R: Fast time-based by-group rolling sum/mean

time_roll_sum {timeplyr}

R Documentation

Fast time-based by-group rolling sum/mean - Currently experimental

Description

time_roll_sum and time_roll_mean are efficient methods for calculating a rolling sum and mean respectively given many groups and with respect to a date or datetime time index.
It is always aligned "right".
time_roll_window splits x into windows based on the index.
time_roll_window_size returns the window sizes for all indices of x.
time_roll_apply is a generic function that applies any function on a rolling basis with respect to a time index.

time_roll_growth_rate can efficiently calculate by-group rolling growth rates with respect to a date/datetime index.

Usage

time_roll_sum(
  x,
  window = Inf,
  time = seq_along(x),
  weights = NULL,
  g = NULL,
  partial = TRUE,
  close_left_boundary = FALSE,
  na.rm = TRUE,
  time_type = getOption("timeplyr.time_type", "auto"),
  roll_month = getOption("timeplyr.roll_month", "preday"),
  roll_dst = getOption("timeplyr.roll_dst", "NA"),
  ...
)

time_roll_mean(
  x,
  window = Inf,
  time = seq_along(x),
  weights = NULL,
  g = NULL,
  partial = TRUE,
  close_left_boundary = FALSE,
  na.rm = TRUE,
  time_type = getOption("timeplyr.time_type", "auto"),
  roll_month = getOption("timeplyr.roll_month", "preday"),
  roll_dst = getOption("timeplyr.roll_dst", "NA"),
  ...
)

time_roll_growth_rate(
  x,
  window = Inf,
  time = seq_along(x),
  time_step = NULL,
  g = NULL,
  partial = TRUE,
  close_left_boundary = FALSE,
  na.rm = TRUE,
  time_type = getOption("timeplyr.time_type", "auto"),
  roll_month = getOption("timeplyr.roll_month", "preday"),
  roll_dst = getOption("timeplyr.roll_dst", "NA")
)

time_roll_window_size(
  time,
  window = Inf,
  g = NULL,
  partial = TRUE,
  close_left_boundary = FALSE,
  time_type = getOption("timeplyr.time_type", "auto"),
  roll_month = getOption("timeplyr.roll_month", "preday"),
  roll_dst = getOption("timeplyr.roll_dst", "NA")
)

time_roll_window(
  x,
  window = Inf,
  time = seq_along(x),
  g = NULL,
  partial = TRUE,
  close_left_boundary = FALSE,
  time_type = getOption("timeplyr.time_type", "auto"),
  roll_month = getOption("timeplyr.roll_month", "preday"),
  roll_dst = getOption("timeplyr.roll_dst", "NA")
)

time_roll_apply(
  x,
  window = Inf,
  fun,
  time = seq_along(x),
  g = NULL,
  partial = TRUE,
  unlist = FALSE,
  close_left_boundary = FALSE,
  time_type = getOption("timeplyr.time_type", "auto"),
  roll_month = getOption("timeplyr.roll_month", "preday"),
  roll_dst = getOption("timeplyr.roll_dst", "NA")
)

Arguments

`x`	Numeric vector.
`window`	Time window size (Default is `Inf`).

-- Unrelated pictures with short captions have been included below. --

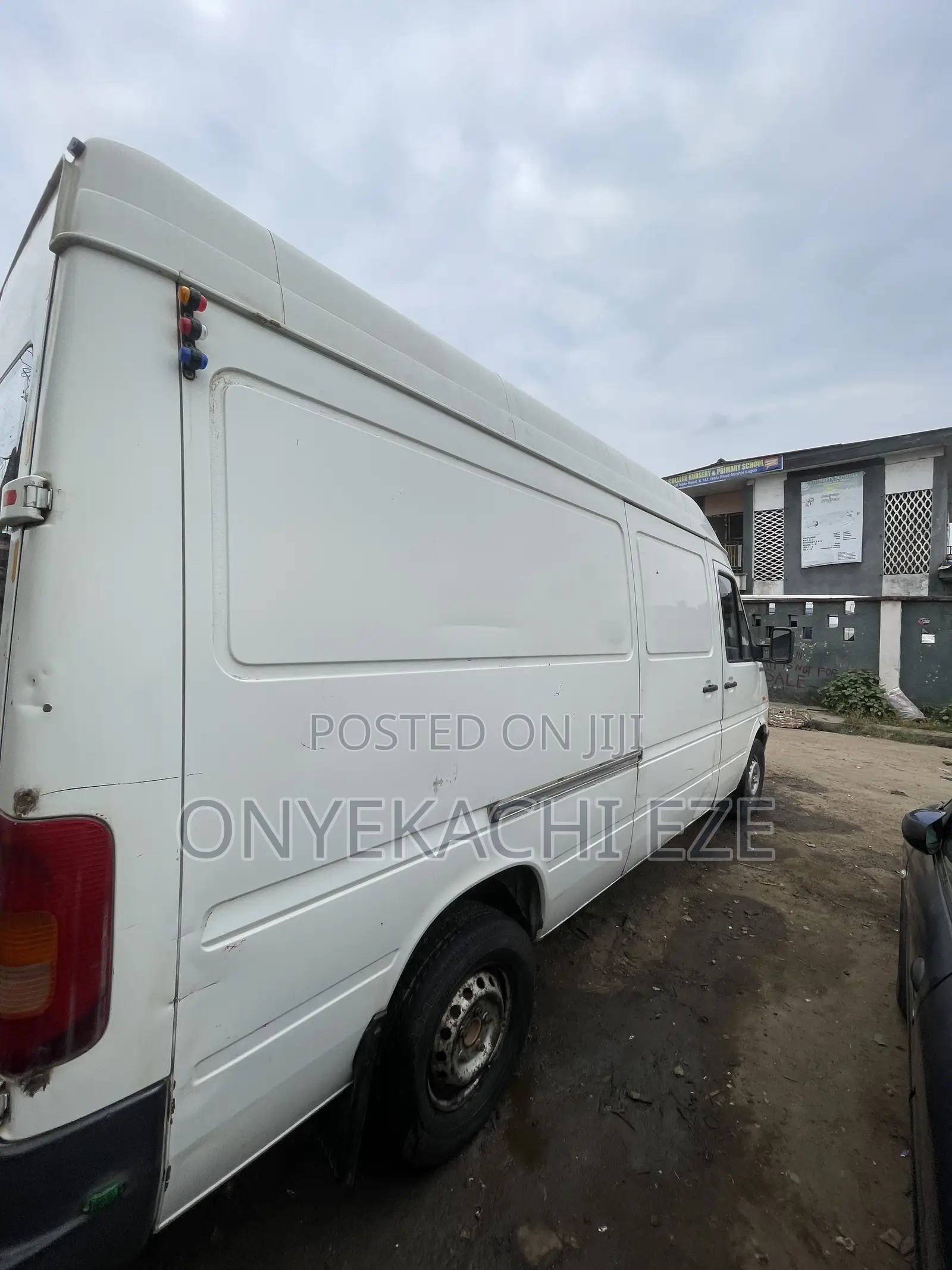 Volkswagen LT 2005 White
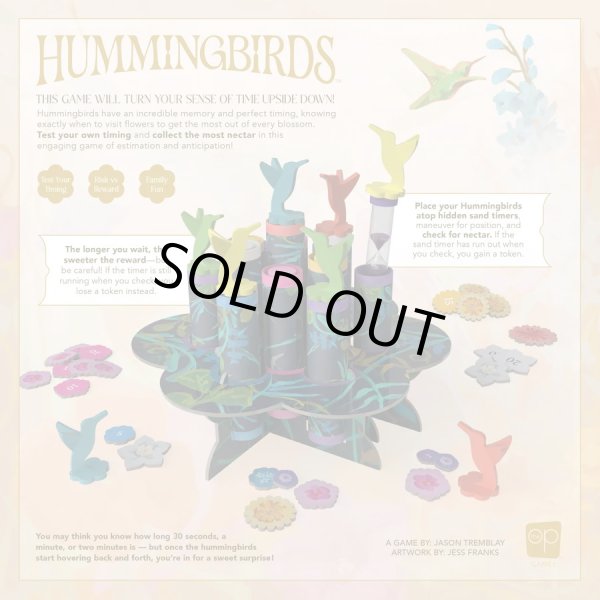 画像2: Hummingbirds　和訳ルール付 (2)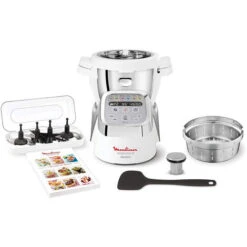 Robot Cuiseur Multifonctions 4.5l 1550w - Moulinex - Hf806e10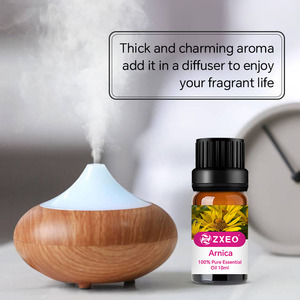 Huile de massage à l'arnica <span class=keywords><strong>montana</strong></span> 100% pure et naturelle, huile essentielle d'arnica pour la peau, les cheveux, l'aromathérapie et les parfums - Product Image 2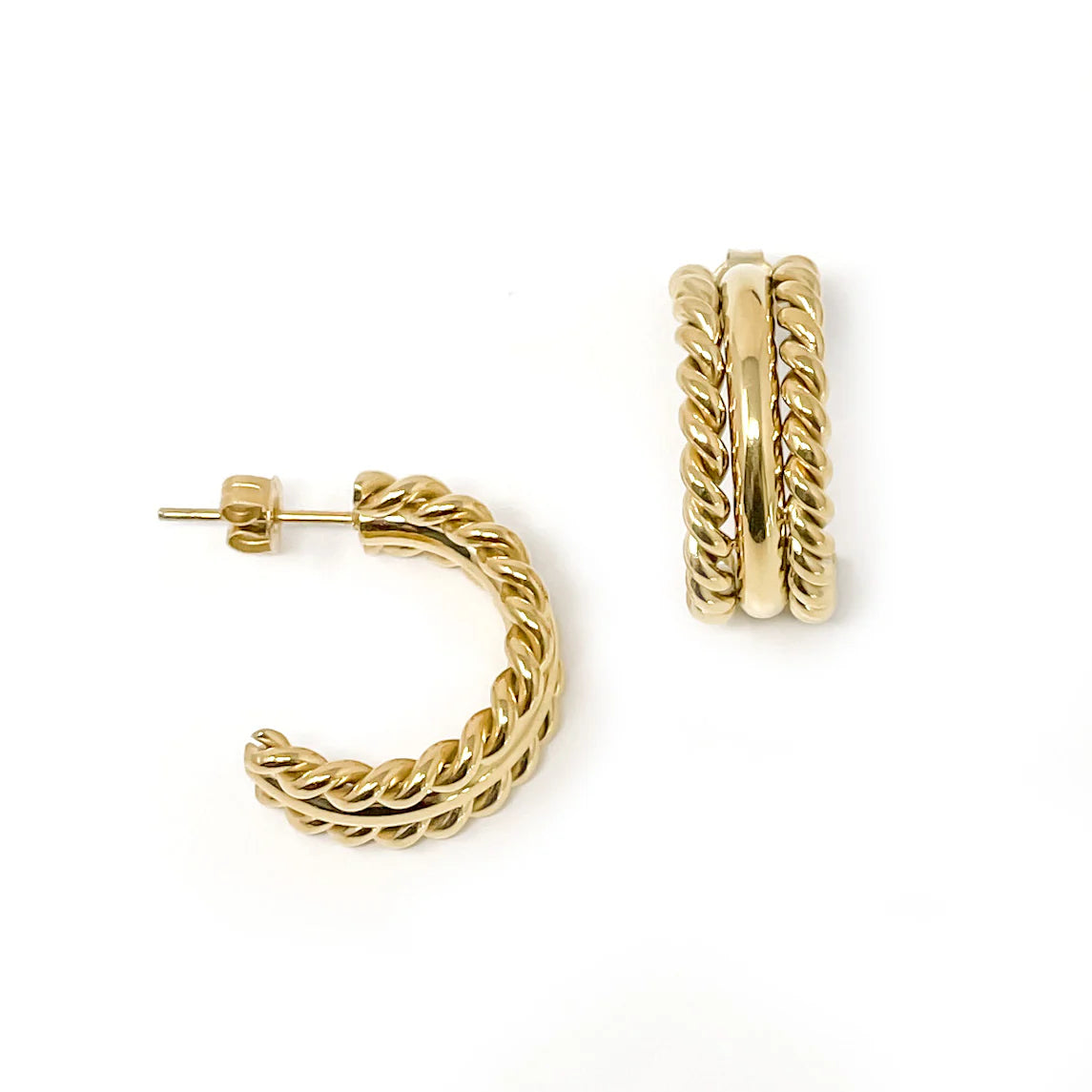 Braided Hoop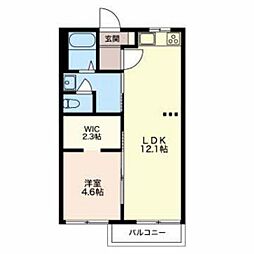 アミューズ松寺A 2階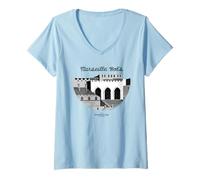 Femme The Phoenician Scheme Marseille Bob’s T-Shirt avec Col en V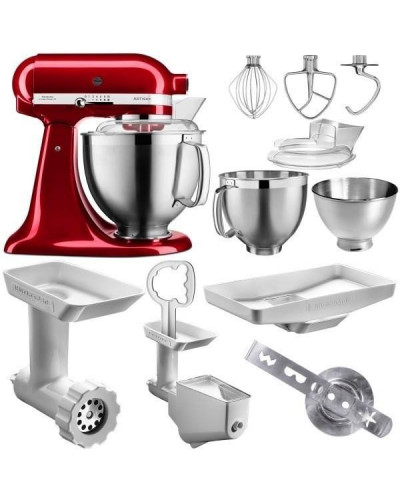 Кухонна машина KitchenAid 5KSM185PSECA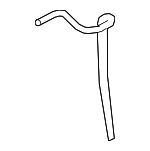 45162XC00A - : Overflow Hose for Subaru Image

Must be one of the following: string, e.g `window = "day"` or `window = "2 weeks"` lubridate duration or period object, e.g. `days(1)` or `ddays(1)`. named list of length one, e.g. `list("days" = 7)`. Numeric vector, e.g. `window = 7`.
`time`	(Optional) time index. Can be a `Date`, `POSIXt`, `numeric`, `integer`, `yearmon`, or `yearqtr` vector.
`weights`	Importance weights. Must be the same length as x. Currently, no normalisation of weights occurs.
`g`	Grouping object passed directly to `collapse::GRP()`. This can for example be a vector or data frame.
`partial`	Should calculations be done using partial windows? Default is `TRUE`.
`close_left_boundary`	Should the left boundary be closed? For example, if you specify `window = "day"` and `time = c(today(), today() + 1)`, a value of `FALSE` would result in the window vector `c(1, 1)` whereas a value of `TRUE` would result in the window vector `c(1, 2)`.
`na.rm`	Should missing values be removed for the calculation? The default is `TRUE`.
`time_type`	If "auto", `periods` are used for the time expansion when lubridate periods are specified or when days, weeks, months or years are specified, and `durations` are used otherwise.
`roll_month`	Control how impossible dates are handled when month or year arithmetic is involved. Options are "preday", "boundary", "postday", "full" and "NA". See `?timechange::time_add` for more details.
`roll_dst`	See `?timechange::time_add` for the full list of details.
`...`	Additional arguments passed to `data.table::frollmean` and `data.table::frollsum`.
`time_step`	An optional but important argument that follows the same input rules as `window`. It is currently only used only in `time_roll_growth_rate`. If this is supplied, the time differences across gaps in time are incorporated into the growth rate calculation. See details for more info.
`fun`	A function.
`unlist`	Should the output of `time_roll_apply` be unlisted with `unlist`? Default is `FALSE`.

Details

It is much faster if your data are already sorted such that !is.unsorted(order(g, x)) is TRUE.

Growth rates

For growth rates across time, one can use time_step to incorporate gaps in time into the calculation.

For example:
x <- c(10, 20)
t <- c(1, 10)
k <- Inf
time_roll_growth_rate(x, time = t, window = k) = c(1, 2) whereas
time_roll_growth_rate(x, time = t, window = k, time_step = 1) = c(1, 1.08)
The first is a doubling from 10 to 20, whereas the second implies a growth of 8% for each time step from 1 to 10.
This allows us for example to calculate daily growth rates over the last x months, even with missing days.

Value

A vector the same length as time.

Examples

library(timeplyr)
library(lubridate)
library(dplyr)

time <- time_seq(today(), today() + weeks(3),
                 time_by = "3 days")
set.seed(99)
x <- sample.int(length(time))

roll_mean(x, window = 7)
roll_sum(x, window = 7)

time_roll_mean(x, window = ddays(7), time = time)
time_roll_sum(x, window = days(7), time = time)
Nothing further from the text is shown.